The line with "Turquoise Black Brown Shell" starts the range, and the last line of the listing ends it. Retype that range exactly, without pictures.

SOURCE MATERIAL:
- - -

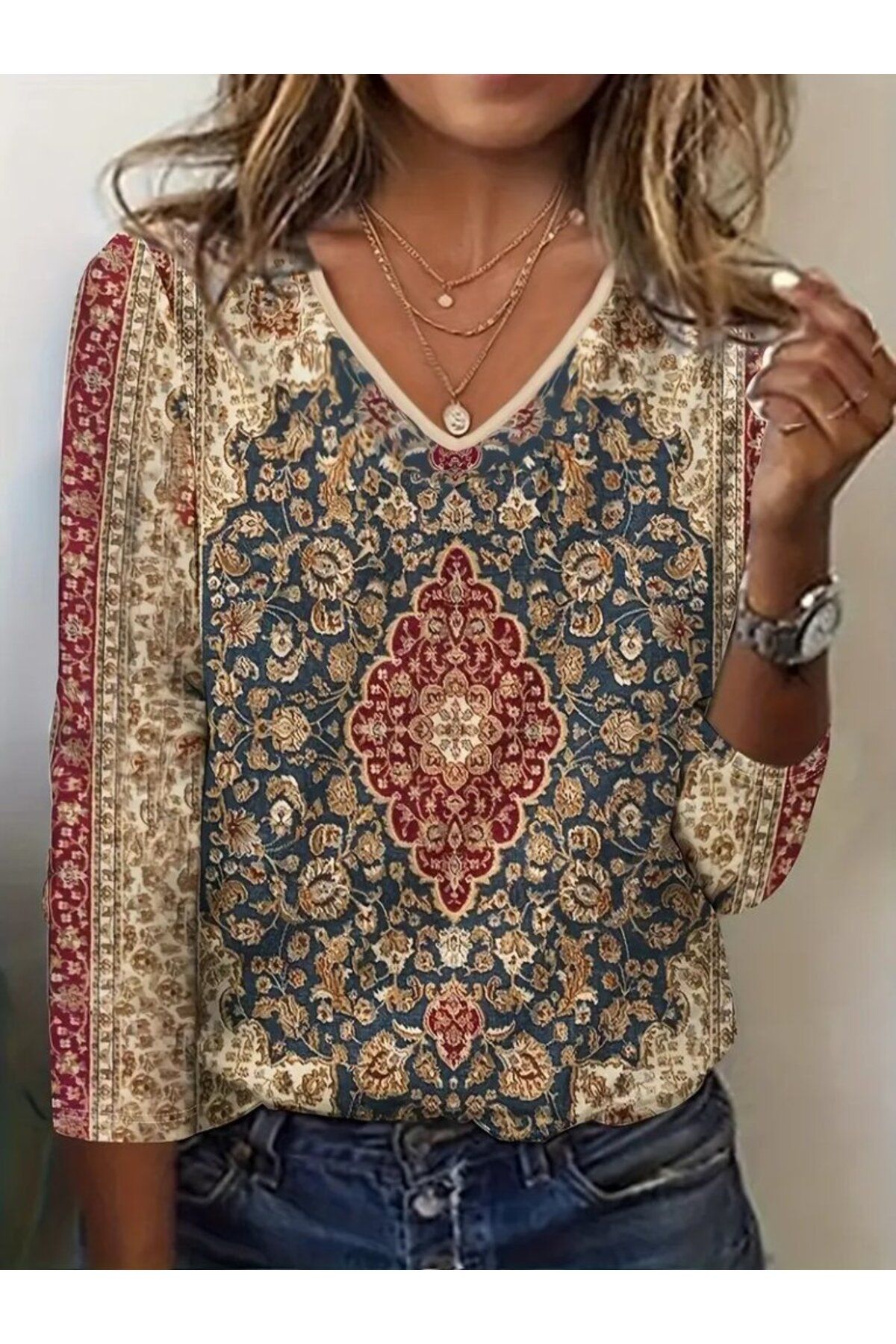 velmorafashion Kadın Fakir Kollu V Yakalı Etnik Desenli Süprem Bluz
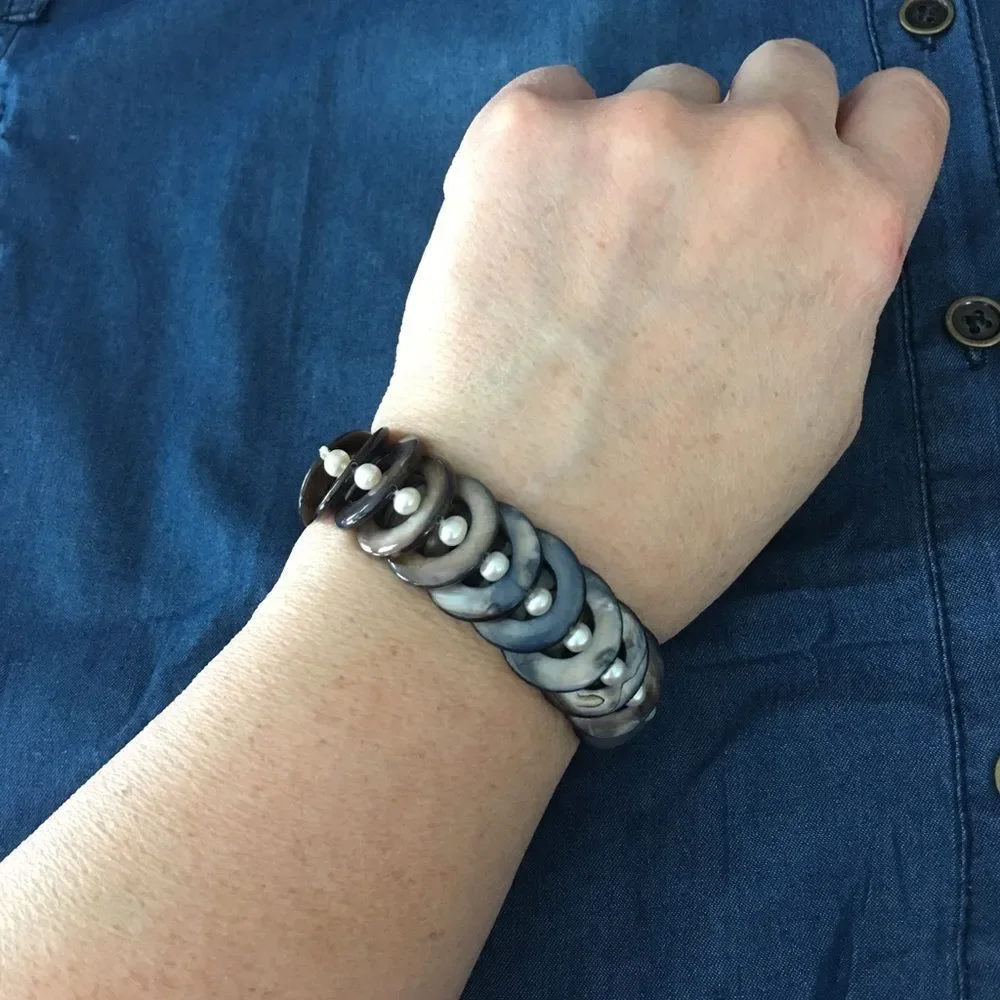 Turquoise Black Brown Shell Pearl stretch‎ Bracelet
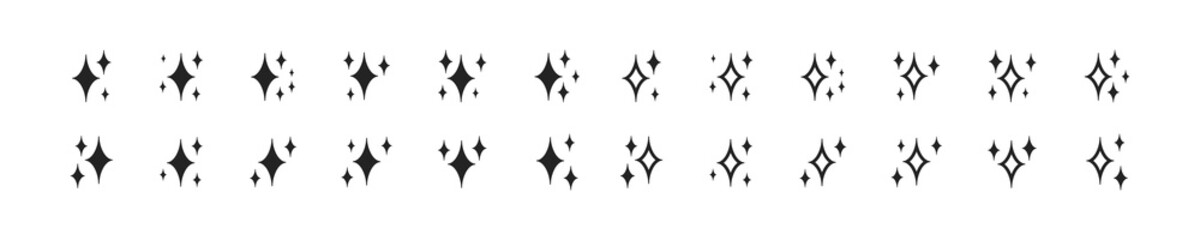 Stars set icon. Creativity, creative occupation, artist, magic, shine, four pointed, rating, rate, feedback, outer space, comet, celestial body. Art concept. Six vector line icon in different styles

- - -

EXERCISE SOLUTION:
 Turquoise Black Brown Shell Pearl stretch‎ Bracelet
 Stars set icon. Creativity, creative occupation, artist, magic, shine, four pointed, rating, rate, feedback, outer space, comet, celestial body. Art concept. Six vector line icon in different styles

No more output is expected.